The University of Tokyo / System Innovation, Graduate School of Engineering
Engineering Traffic Uncertainty in the OpenFlow Data Plane
The purpose of Research:We were driven by a simple question of whether traffic engineering in Software Defined Networking (SDN) can react quickly to bursty and unpredictable changes in traffic demand. The key challenge is to strike a careful balance between the overhead (frequently involving the SDN controller) and performance (the degree of congestion measured as the maximum load and the balance between the minimum and the maximum loads). Exploiting OpenFlow (OF) features, a quick shift of routing paths for unpredictable traffic bursty is the focal point of this work. Process of Research: 1.Establish the traffic model, do the investment about the recent progress about network structure and algorithms. Decide our new model of traffic delivery.(Primary working part of Dr.Chen Fei) 2.Evaluate the algorithm, and simultaneously determine the simulation model, create a simulation environment.(My primary working part) 4.We designed the simulation experiment through simulator I developed, during this process we adjusted models and algorithms, evaluated accuracy and adequacy of the model. 5. Write the paper, and finally, our paper was luckily accepted by IEEE INFOCOM conference, April 2016 Research Result:Our purpose was achieved by using a dual routing scheme and letting the data plane to select the appropriate path in reacting to uncertainty in traffic load. The proposed work is called DUCE (Demand Uncertainty Configuration selection).
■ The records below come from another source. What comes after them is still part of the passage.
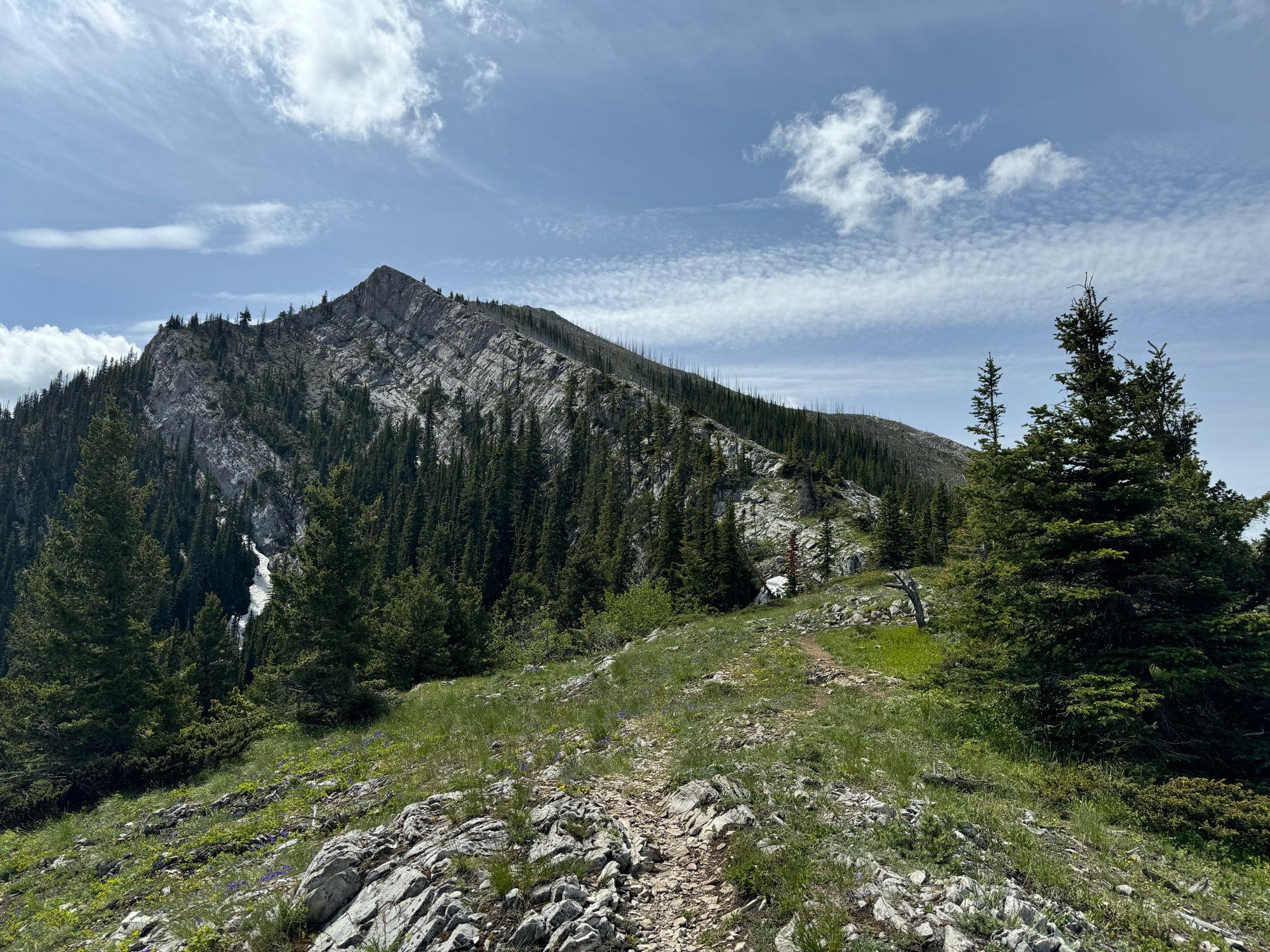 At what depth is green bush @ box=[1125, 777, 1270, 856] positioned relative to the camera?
29.0ft

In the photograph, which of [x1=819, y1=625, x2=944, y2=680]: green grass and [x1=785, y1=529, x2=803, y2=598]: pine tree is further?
[x1=785, y1=529, x2=803, y2=598]: pine tree

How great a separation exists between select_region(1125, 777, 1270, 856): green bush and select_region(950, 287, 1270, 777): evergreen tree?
1.88 metres

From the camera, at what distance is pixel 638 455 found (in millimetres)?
126375

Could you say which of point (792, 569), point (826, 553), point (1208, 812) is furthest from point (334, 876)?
point (792, 569)

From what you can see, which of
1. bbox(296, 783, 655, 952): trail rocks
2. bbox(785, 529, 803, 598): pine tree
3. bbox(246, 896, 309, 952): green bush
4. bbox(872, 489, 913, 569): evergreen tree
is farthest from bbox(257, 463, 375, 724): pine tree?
bbox(872, 489, 913, 569): evergreen tree

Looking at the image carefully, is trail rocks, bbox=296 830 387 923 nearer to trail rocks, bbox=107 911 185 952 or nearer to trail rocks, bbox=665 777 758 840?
trail rocks, bbox=107 911 185 952

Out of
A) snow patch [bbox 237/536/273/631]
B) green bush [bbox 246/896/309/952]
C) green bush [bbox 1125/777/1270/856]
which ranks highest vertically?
green bush [bbox 1125/777/1270/856]

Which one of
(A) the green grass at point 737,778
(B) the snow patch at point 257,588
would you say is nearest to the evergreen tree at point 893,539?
(A) the green grass at point 737,778

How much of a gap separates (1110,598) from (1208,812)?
5120 mm

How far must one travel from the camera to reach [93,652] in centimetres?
2412

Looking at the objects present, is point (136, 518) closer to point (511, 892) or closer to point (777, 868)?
point (511, 892)

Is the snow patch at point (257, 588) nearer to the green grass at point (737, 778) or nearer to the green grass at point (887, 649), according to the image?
the green grass at point (737, 778)

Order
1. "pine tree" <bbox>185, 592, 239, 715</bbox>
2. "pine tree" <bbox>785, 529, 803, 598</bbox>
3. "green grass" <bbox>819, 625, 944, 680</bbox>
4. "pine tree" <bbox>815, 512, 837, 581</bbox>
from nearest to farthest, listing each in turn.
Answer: "green grass" <bbox>819, 625, 944, 680</bbox> → "pine tree" <bbox>785, 529, 803, 598</bbox> → "pine tree" <bbox>185, 592, 239, 715</bbox> → "pine tree" <bbox>815, 512, 837, 581</bbox>

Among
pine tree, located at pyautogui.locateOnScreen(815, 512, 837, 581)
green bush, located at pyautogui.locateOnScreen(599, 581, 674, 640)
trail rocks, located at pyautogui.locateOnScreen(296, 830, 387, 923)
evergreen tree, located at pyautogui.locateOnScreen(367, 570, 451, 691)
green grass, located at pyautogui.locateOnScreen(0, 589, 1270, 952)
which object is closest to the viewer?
green grass, located at pyautogui.locateOnScreen(0, 589, 1270, 952) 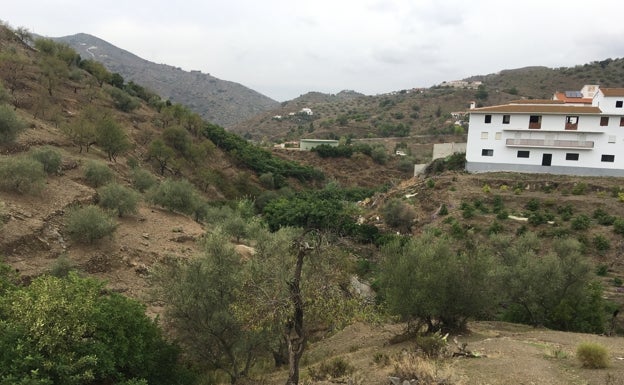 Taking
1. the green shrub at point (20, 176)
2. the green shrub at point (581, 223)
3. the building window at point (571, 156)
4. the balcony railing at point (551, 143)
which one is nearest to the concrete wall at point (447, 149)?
the balcony railing at point (551, 143)

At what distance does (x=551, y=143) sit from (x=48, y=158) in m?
40.3

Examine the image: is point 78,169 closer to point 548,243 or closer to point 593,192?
point 548,243

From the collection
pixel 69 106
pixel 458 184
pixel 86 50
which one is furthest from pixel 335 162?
pixel 86 50

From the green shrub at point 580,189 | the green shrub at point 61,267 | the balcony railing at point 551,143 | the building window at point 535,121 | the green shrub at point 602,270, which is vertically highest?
the building window at point 535,121

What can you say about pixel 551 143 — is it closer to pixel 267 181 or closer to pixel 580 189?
pixel 580 189

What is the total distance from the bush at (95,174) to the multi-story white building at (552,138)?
33105 mm

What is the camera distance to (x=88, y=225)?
63.8 ft

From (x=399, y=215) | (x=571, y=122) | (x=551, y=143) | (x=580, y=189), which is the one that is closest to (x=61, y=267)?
(x=399, y=215)

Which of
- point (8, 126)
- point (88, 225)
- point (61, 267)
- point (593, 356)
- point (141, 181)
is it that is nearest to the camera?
point (593, 356)

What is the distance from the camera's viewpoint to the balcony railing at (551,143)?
3709cm

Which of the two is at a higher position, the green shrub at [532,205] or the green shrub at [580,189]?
the green shrub at [580,189]

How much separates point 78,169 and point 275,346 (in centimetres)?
2051

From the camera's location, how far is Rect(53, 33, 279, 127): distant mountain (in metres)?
A: 157

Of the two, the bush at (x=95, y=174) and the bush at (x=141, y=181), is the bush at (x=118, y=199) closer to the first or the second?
the bush at (x=95, y=174) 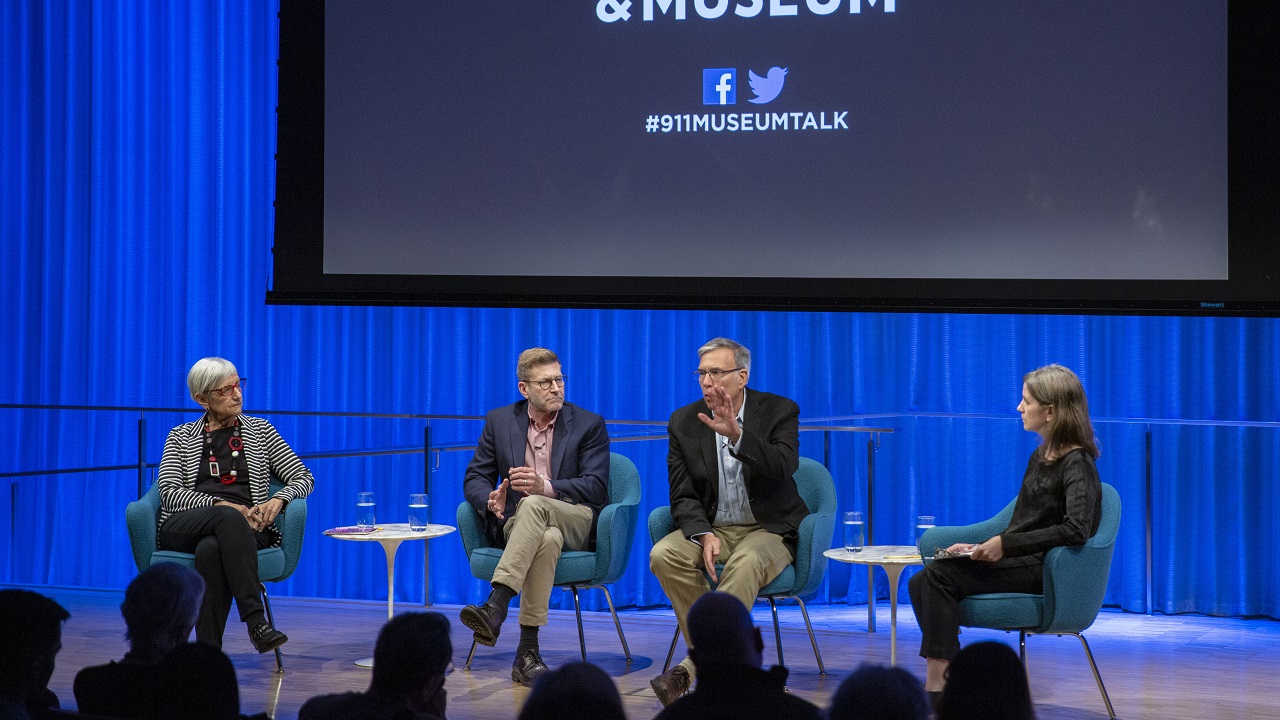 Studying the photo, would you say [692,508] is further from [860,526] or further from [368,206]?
[368,206]

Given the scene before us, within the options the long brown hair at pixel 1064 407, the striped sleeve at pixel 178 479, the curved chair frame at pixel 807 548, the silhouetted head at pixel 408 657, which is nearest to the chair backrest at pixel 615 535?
the curved chair frame at pixel 807 548

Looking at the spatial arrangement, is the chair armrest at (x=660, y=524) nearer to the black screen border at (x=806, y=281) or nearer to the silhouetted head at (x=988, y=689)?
the black screen border at (x=806, y=281)

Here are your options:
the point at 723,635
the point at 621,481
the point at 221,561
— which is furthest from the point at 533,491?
the point at 723,635

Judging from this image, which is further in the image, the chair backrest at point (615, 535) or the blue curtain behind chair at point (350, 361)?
the blue curtain behind chair at point (350, 361)

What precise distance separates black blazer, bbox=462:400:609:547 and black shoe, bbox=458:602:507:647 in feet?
1.35

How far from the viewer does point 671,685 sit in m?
4.39

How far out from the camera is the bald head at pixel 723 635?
2.59 meters

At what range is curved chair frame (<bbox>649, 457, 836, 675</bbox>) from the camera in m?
4.73

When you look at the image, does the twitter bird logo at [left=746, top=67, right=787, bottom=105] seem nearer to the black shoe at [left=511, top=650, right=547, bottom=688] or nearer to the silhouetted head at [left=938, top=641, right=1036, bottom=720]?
the black shoe at [left=511, top=650, right=547, bottom=688]

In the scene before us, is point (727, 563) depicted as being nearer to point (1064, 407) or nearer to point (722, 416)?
point (722, 416)

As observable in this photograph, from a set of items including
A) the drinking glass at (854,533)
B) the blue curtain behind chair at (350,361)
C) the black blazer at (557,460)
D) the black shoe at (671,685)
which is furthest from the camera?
the blue curtain behind chair at (350,361)

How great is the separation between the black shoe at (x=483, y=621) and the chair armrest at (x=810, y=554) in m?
1.03

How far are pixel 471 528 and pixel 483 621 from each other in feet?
1.73

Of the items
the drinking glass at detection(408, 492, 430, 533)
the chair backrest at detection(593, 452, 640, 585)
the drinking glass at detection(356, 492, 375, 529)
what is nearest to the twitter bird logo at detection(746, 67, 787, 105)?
the chair backrest at detection(593, 452, 640, 585) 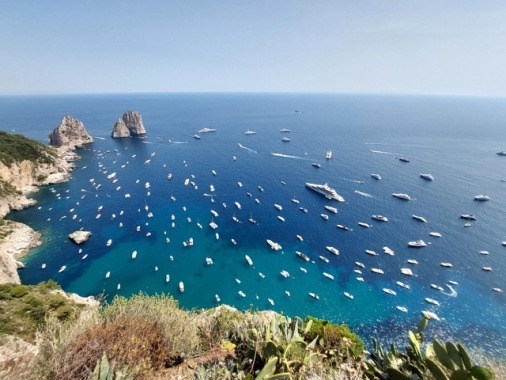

Further, we describe a traffic distribution model, an optimization solution that calculates congestion-free traffic distribution plan which guarantees that each switch can select one of the paths in a distributed way, and moreover, of details about detaching the functionality of responding to the demand uncertainty from the control plane and delegating it to the data plane. Simulations are performed validating the efficiency of DUCE under various network scenarios.